▸ **Exercise instructions**
Only the lines below, from the one with "Beckman HS Water" through the one with "Large diameter kraft", are to be written out, exactly.

▸ **Data under study**
━━━━━━━━━━━━━━━━

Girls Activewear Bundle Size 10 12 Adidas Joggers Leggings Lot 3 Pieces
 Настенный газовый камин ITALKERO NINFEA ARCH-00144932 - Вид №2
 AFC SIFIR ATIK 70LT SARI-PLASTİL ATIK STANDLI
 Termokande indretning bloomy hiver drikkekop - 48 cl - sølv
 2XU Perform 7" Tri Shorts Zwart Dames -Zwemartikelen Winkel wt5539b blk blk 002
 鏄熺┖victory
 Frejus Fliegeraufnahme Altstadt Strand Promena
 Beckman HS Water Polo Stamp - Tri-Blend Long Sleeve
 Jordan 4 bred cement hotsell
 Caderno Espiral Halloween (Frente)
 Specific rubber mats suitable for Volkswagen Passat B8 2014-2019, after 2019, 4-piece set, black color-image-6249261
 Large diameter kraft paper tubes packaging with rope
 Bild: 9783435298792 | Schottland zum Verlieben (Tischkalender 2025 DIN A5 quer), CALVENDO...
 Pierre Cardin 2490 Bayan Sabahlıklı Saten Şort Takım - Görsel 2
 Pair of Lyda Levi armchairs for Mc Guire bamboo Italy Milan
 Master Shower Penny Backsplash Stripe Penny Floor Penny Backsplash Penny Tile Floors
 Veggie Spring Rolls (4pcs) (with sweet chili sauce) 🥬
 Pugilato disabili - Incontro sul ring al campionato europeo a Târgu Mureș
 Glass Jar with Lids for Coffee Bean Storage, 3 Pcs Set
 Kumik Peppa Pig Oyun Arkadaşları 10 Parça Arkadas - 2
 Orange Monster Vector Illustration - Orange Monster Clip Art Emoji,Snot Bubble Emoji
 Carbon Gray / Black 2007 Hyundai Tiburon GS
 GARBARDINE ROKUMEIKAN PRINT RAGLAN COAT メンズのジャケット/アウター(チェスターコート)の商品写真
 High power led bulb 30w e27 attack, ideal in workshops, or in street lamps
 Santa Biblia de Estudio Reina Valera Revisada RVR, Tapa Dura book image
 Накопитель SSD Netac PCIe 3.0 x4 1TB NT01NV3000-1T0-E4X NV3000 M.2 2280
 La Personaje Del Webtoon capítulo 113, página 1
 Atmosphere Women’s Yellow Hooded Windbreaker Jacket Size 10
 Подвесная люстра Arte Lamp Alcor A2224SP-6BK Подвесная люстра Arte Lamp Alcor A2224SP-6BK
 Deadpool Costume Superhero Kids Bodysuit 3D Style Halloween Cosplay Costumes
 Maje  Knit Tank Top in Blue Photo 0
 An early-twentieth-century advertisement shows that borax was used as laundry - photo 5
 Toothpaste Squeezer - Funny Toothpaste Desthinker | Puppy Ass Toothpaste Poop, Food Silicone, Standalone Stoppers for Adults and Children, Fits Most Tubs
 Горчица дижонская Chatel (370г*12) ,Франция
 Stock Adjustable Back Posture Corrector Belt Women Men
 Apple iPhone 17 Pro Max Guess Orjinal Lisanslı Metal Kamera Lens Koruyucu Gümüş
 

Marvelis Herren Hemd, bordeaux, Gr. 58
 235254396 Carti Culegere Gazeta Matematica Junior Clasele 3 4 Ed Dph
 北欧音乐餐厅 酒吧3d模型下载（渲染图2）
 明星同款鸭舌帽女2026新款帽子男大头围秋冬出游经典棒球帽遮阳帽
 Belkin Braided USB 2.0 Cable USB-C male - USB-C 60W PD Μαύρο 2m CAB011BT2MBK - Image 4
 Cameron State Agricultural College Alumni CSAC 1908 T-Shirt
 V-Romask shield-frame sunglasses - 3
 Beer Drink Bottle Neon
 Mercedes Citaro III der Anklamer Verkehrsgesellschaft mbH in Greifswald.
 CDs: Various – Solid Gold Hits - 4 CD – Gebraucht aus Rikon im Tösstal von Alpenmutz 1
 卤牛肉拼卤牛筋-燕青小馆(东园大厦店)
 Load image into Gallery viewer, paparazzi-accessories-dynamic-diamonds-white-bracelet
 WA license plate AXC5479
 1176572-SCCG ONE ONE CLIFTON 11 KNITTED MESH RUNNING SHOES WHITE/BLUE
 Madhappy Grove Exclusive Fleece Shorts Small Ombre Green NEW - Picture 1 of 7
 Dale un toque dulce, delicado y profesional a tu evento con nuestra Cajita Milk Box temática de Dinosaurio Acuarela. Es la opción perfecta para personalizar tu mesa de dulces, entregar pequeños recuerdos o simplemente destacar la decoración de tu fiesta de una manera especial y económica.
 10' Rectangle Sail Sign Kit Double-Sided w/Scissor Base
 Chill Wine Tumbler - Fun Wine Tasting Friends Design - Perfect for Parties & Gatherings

━━━━━━━━━━━━━━━━

▸ **Result for this task**
 Beckman HS Water Polo Stamp - Tri-Blend Long Sleeve
 Jordan 4 bred cement hotsell
 Caderno Espiral Halloween (Frente)
 Specific rubber mats suitable for Volkswagen Passat B8 2014-2019, after 2019, 4-piece set, black color-image-6249261
 Large diameter kraft paper tubes packaging with rope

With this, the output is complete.